> Instructions for the task
The copy you return must begin at the line containing "2019nba湖人vs篮网录像回放,2019nba湖人比赛回放" and end at the final line of the listing below, with every picture left out.

> Records for this exercise
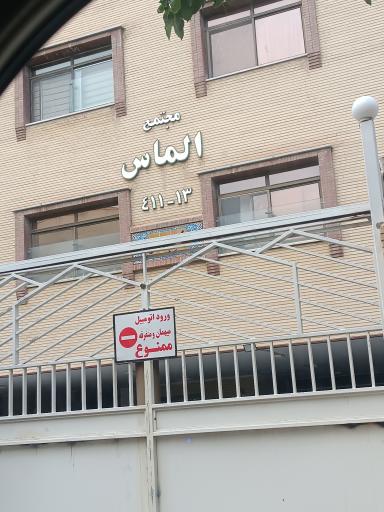 عکس مجتمع الماس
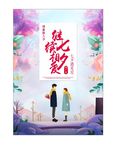 七夕情人节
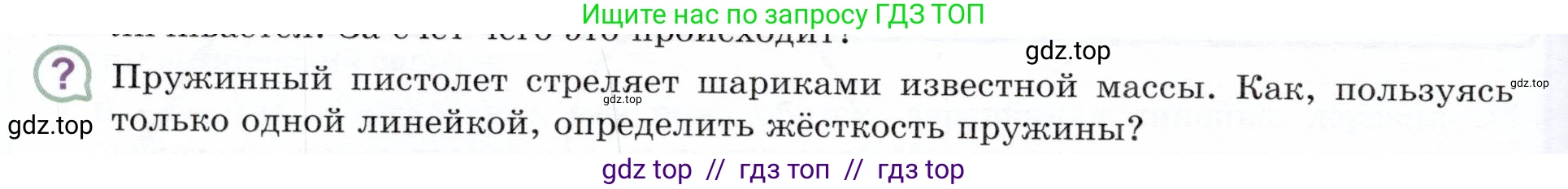 Физика, 9 класс Учебник, авторы: Белага Виктория Владимировна, Воронцова Наталия Игоревна, Ломаченков Иван Алексеевич, Панебратцев Юрий Анатольевич, издательство Просвещение, Москва, 2024, голубого цвета, Часть 1, страница 204, номер ?3, Условие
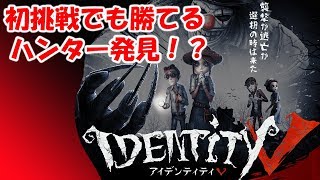 スマホゲーム【第五人格】【アイデンティティIdentityⅤ】初心者！初見ハンターでも簡単にやれる！！
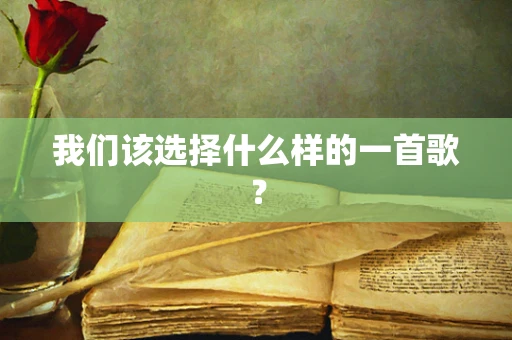 我们该选择什么样的一首歌？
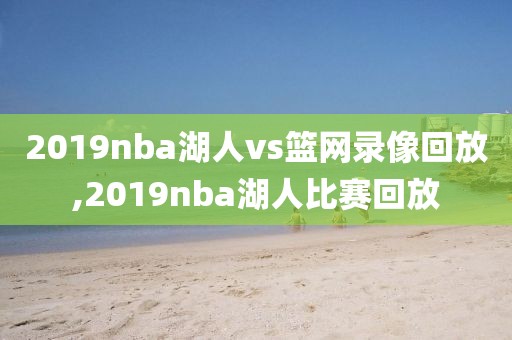 2019nba湖人vs篮网录像回放,2019nba湖人比赛回放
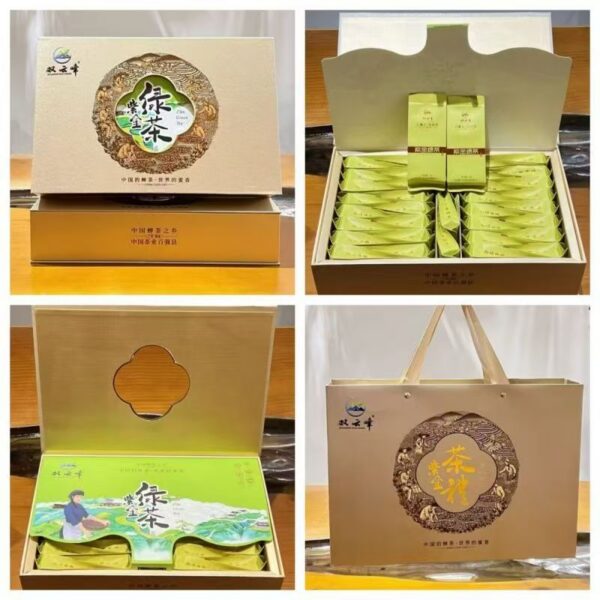 双云峰紫金龙窝绿茶(白露)210克/35小泡礼盒装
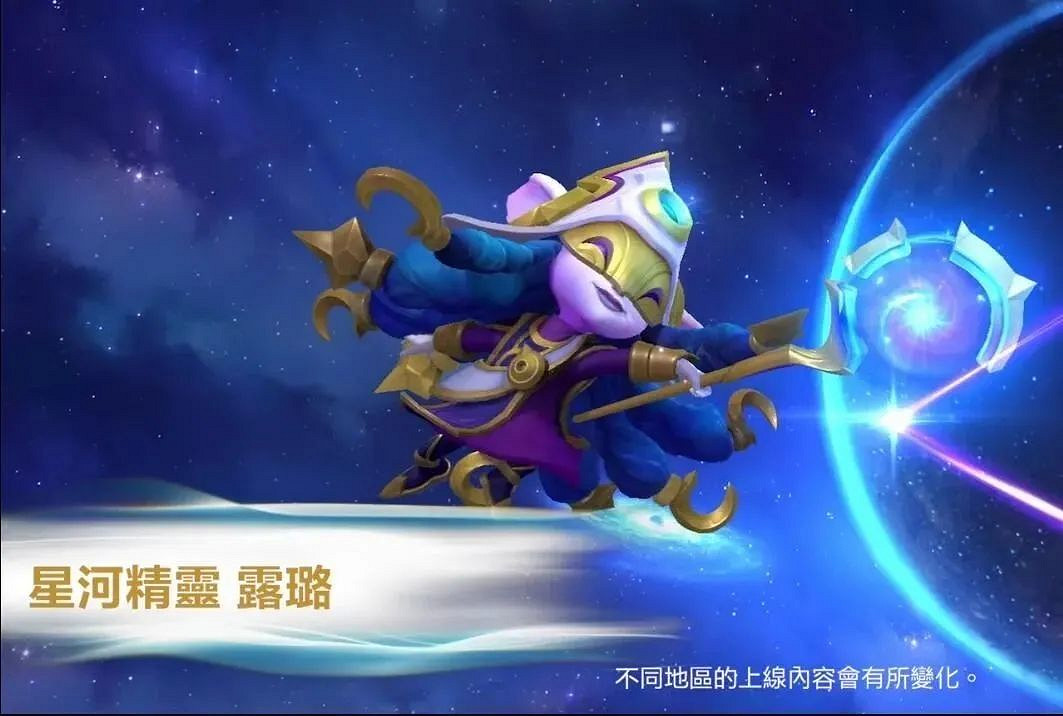 《英雄聯盟手遊》3.2版本新皮膚 3.2版本新皮膚有什麽 《英雄聯盟手遊》3.2版本新皮膚 3.2版本新皮膚有什麽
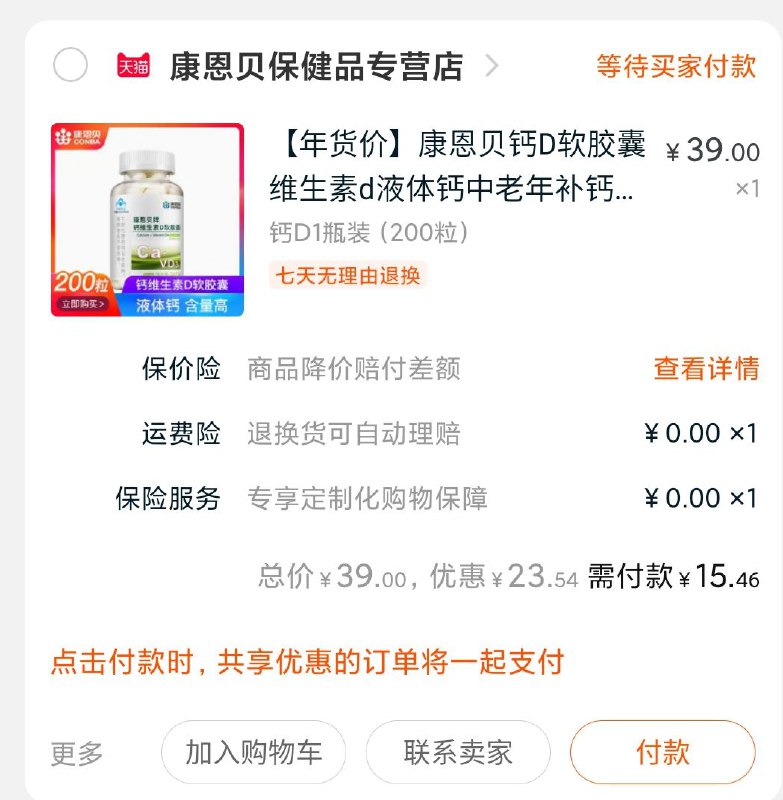 2.凑单商品 也加购物车1件两个东西一起提交并付款然后再单独退款凑单商品康恩贝维生素礼D到手15元(xLg9cuQXYlC)/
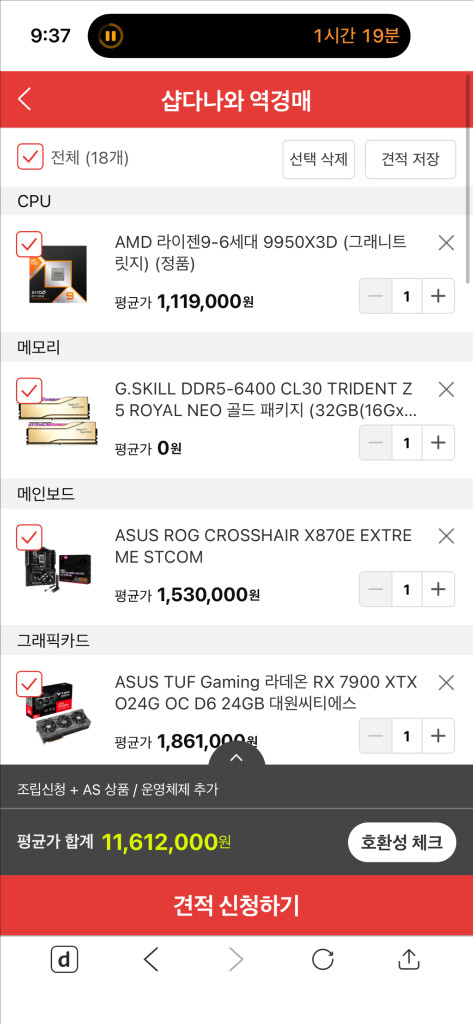 [급처]현존 최고 하이엔드 게이밍컴퓨터 pc 모니터 키보드 마우스 헤드셋 풀세트 팝니다. 이미지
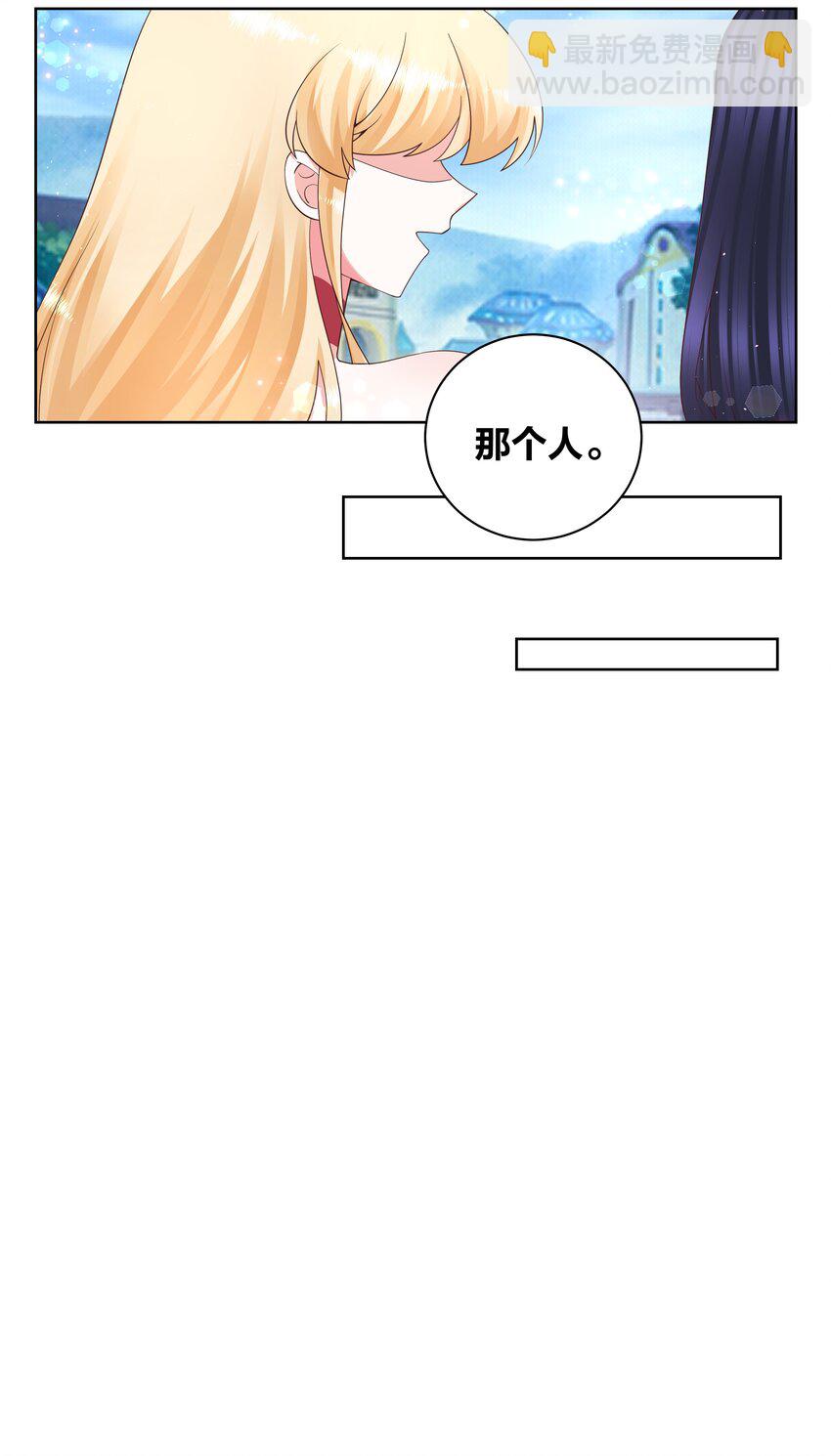 108 酸酸甜甜21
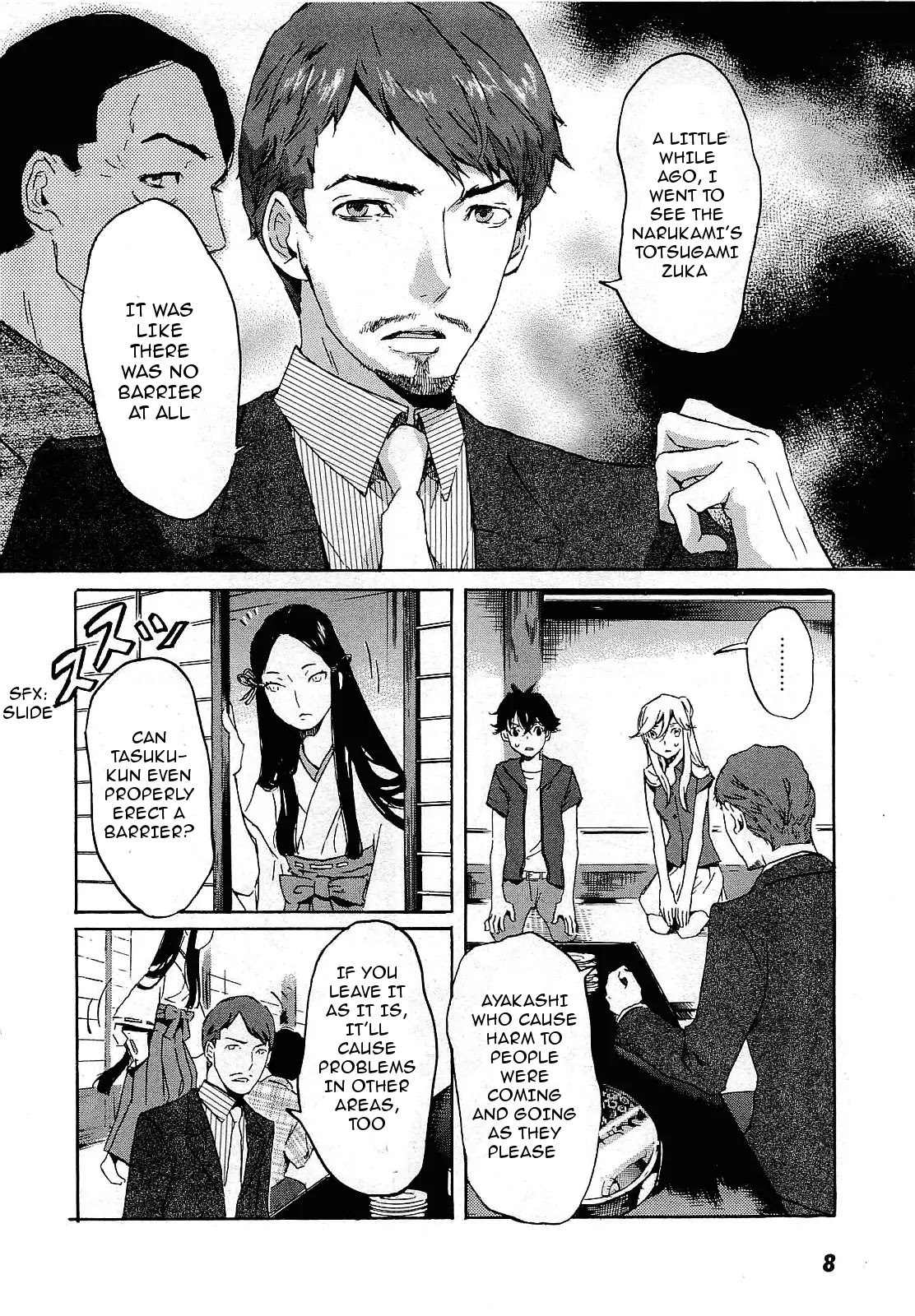 Totsugami Chapter 24 page 14 - Chapter 24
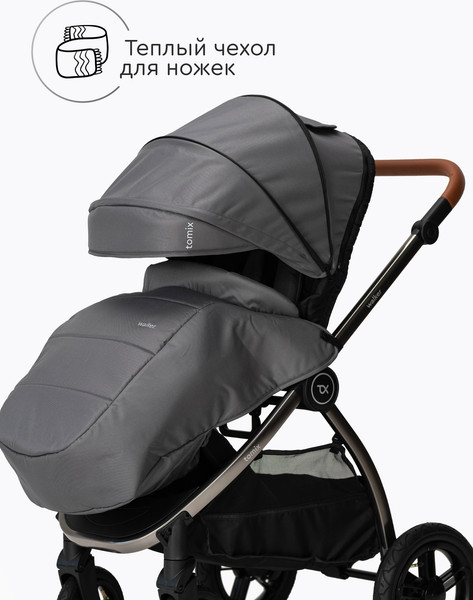 Изображение товара Детская прогулочная коляска Tomix Walker Lux Single / BD101SINGLLUX (Grey/Dark Grey)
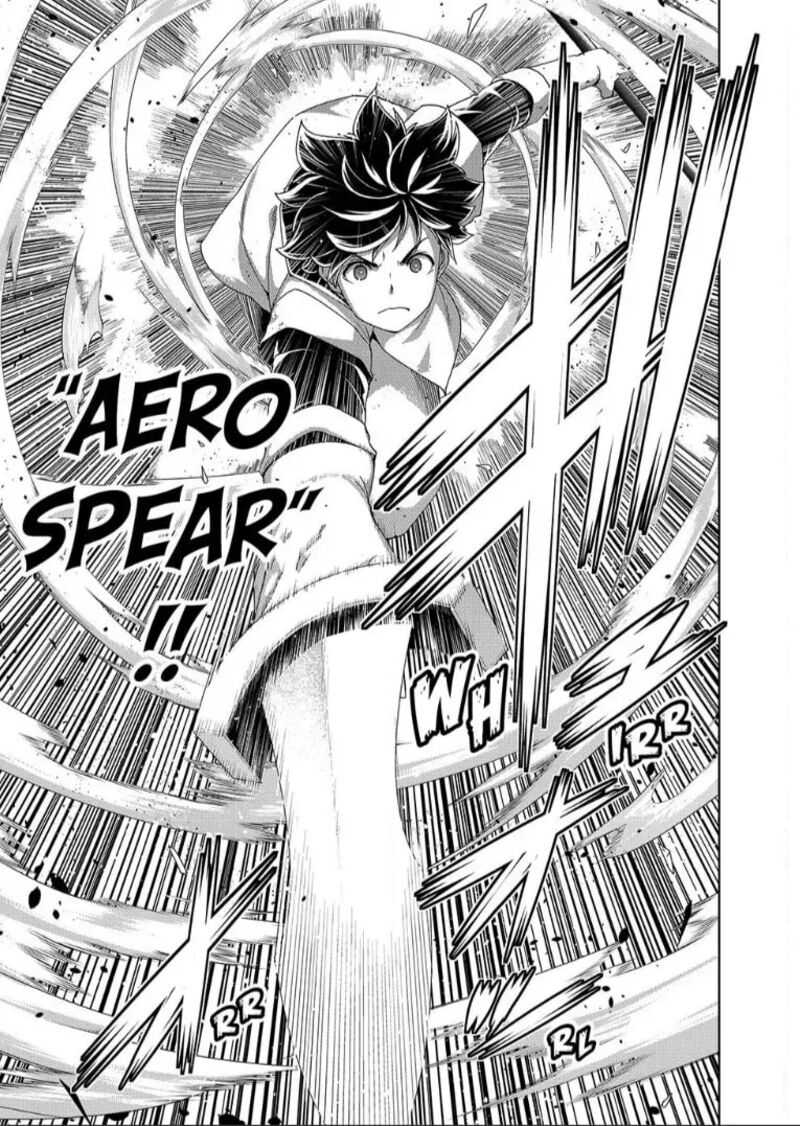 100 Man No Inochi No Ue Ni Ore Wa Tatte Iru 122 29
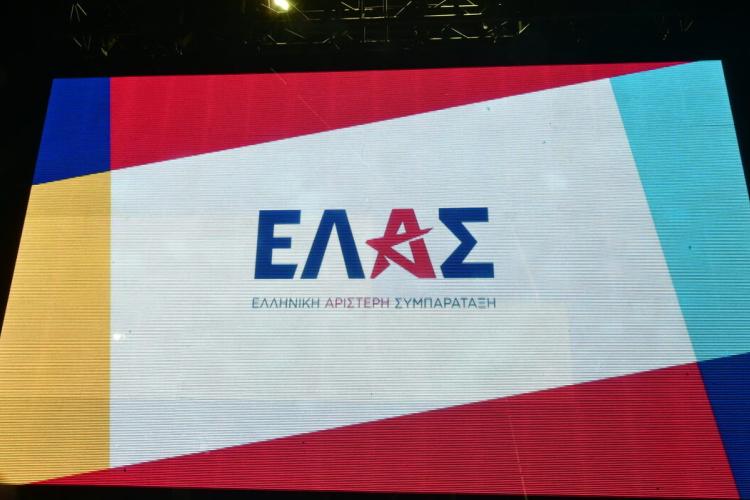 ΕΛΑΣ: Πέντε προτάσεις για μείωση του κόστους κόστος ζωής και ενίσχυσης του διαθέσιμου εισοδήματος, πολιτική, προτάσεις, εκλογές, κόμματα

> Task output
 2019nba湖人vs篮网录像回放,2019nba湖人比赛回放
 双云峰紫金龙窝绿茶(白露)210克/35小泡礼盒装
 《英雄聯盟手遊》3.2版本新皮膚 3.2版本新皮膚有什麽 《英雄聯盟手遊》3.2版本新皮膚 3.2版本新皮膚有什麽
 2.凑单商品 也加购物车1件两个东西一起提交并付款然后再单独退款凑单商品康恩贝维生素礼D到手15元(xLg9cuQXYlC)/
 [급처]현존 최고 하이엔드 게이밍컴퓨터 pc 모니터 키보드 마우스 헤드셋 풀세트 팝니다. 이미지
 108 酸酸甜甜21
 Totsugami Chapter 24 page 14 - Chapter 24
 Изображение товара Детская прогулочная коляска Tomix Walker Lux Single / BD101SINGLLUX (Grey/Dark Grey)
 100 Man No Inochi No Ue Ni Ore Wa Tatte Iru 122 29
 ΕΛΑΣ: Πέντε προτάσεις για μείωση του κόστους κόστος ζωής και ενίσχυσης του διαθέσιμου εισοδήματος, πολιτική, προτάσεις, εκλογές, κόμματα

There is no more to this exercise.